The effect of basis polynomial degree on the performance of compressible flow simulations employing a split-form DG method

Abstract

High order methods have garnered significant interest recently for simulating compressible flows due to their low dissipation nature. In this regard, the use of discontinuous Galerkin method has been actively pursued due to the advantages ensuing from its compact interpolation. However, these methods generally require employing a limiter for stable computation of supersonic compressible flows that contain shocks. Many limiters are designed to incorporate ideas from robust second order implementations of the Finite Volume Method for shock capturing. It is therefore prudent to examine the effectiveness of high order discontinuous Galerkin solutions when simulating flows containing discontinuities.

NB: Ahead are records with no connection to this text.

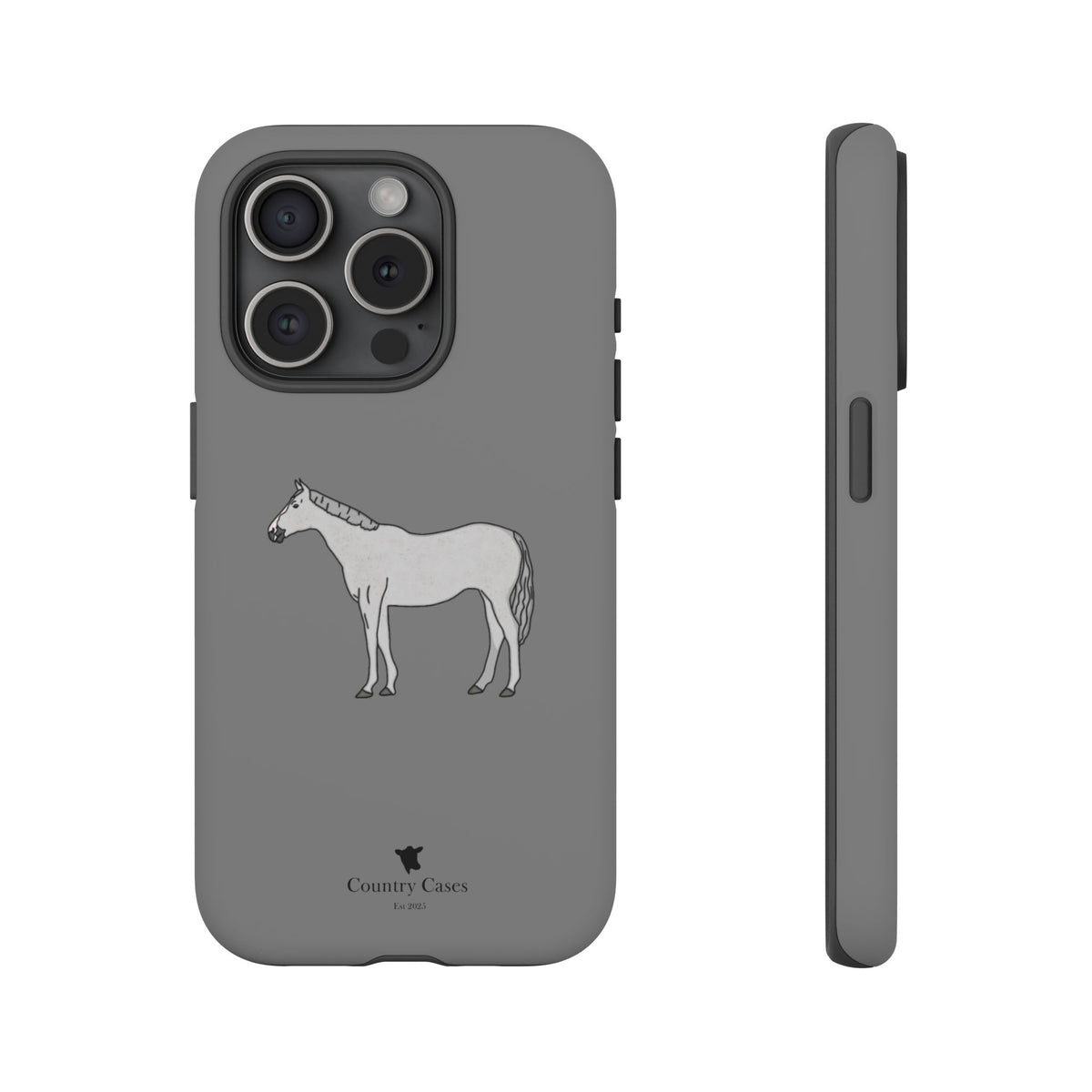 Grey Horse Case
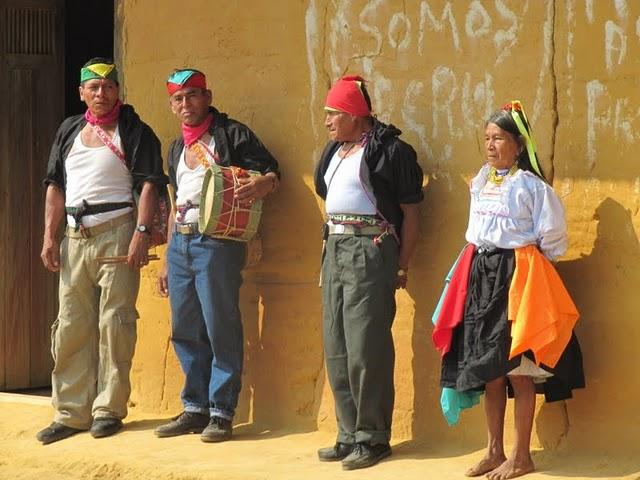 BIENVENIDOS AL SANTA ROSA RAYMI DE LAMAS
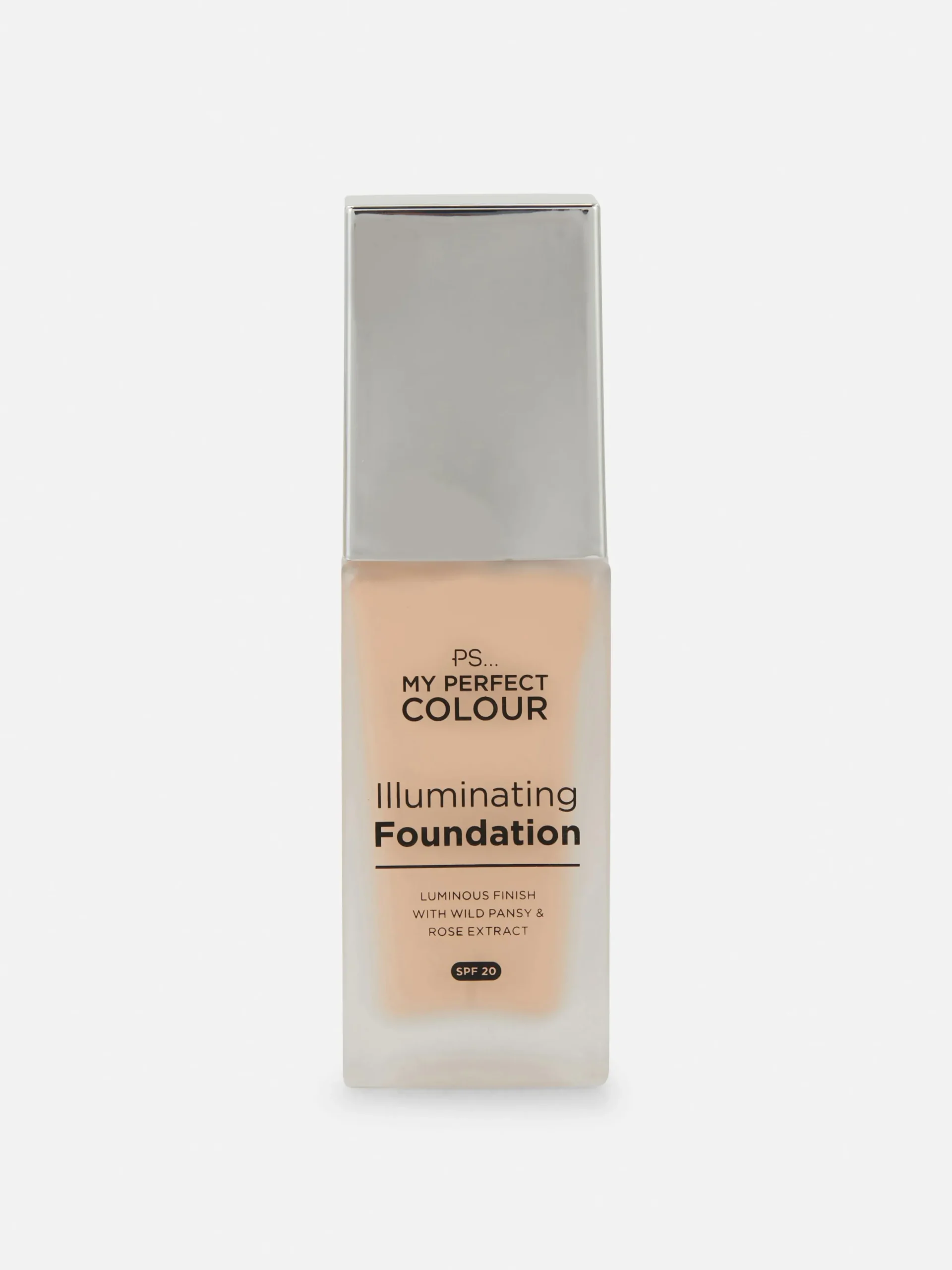 Foundation|Primark PS… My Perfect Colour Illuminiernde Foundation Ecrufarben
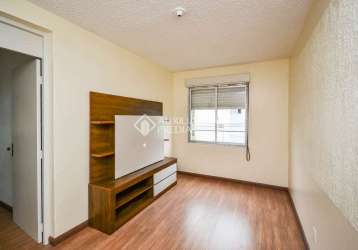 Apartamento com 3 quartos para alugar na rua derocy giácomo da silva, 30, vila nova, porto alegre, 63 m2 por r$ 1.300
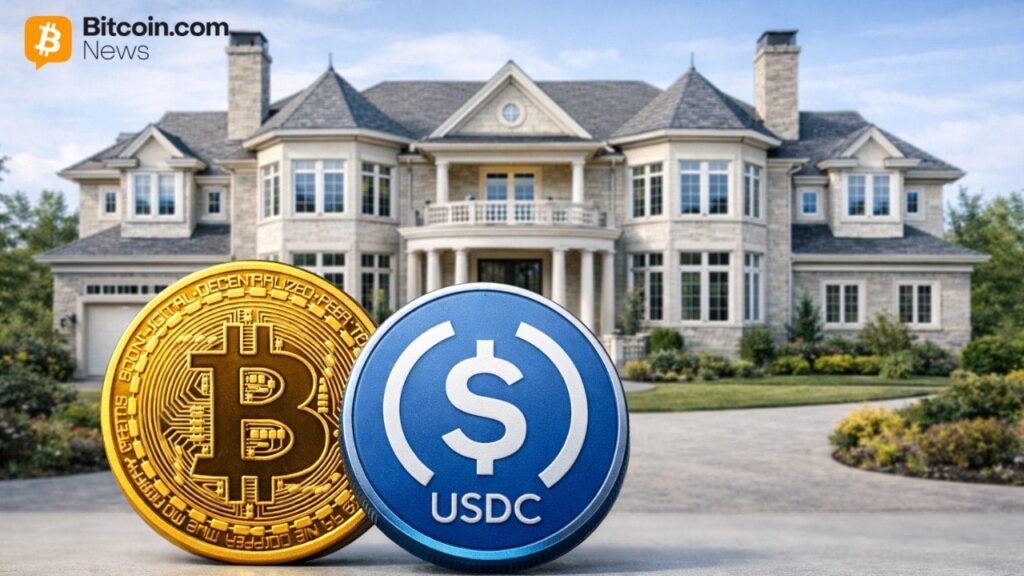 Why Crypto-Backed Mortgages Matter for Expanding Access to Homeownership – Featured Bitcoin News Why Crypto-Backed Mortgages Matter for Expanding Access to Homeownership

To this end, the present work investigates the variation of accuracy per degrees of freedom as the basis polynomial degree is changed. Several standard one-dimensional and two-dimensional compressible flow cases are simulated for multiple basis polynomial degrees while employing different meshes to keep the degrees of freedom fixed. It is found that high order solutions are more efficient than second order solution as regards the accuracy per degrees of freedom. The improvement in this metric with increasing basis polynomial degree plateaus at cubic basis degree for cases containing strong discontinuities (shock Mach numbers greater than 3), and shifts to a further higher basis in simpler problems. However, in problems containing slowly moving shocks and or weak discontinuities, high order solutions generate increased numerical oscillations, suggesting the need for improvement in anti-aliasing techniques.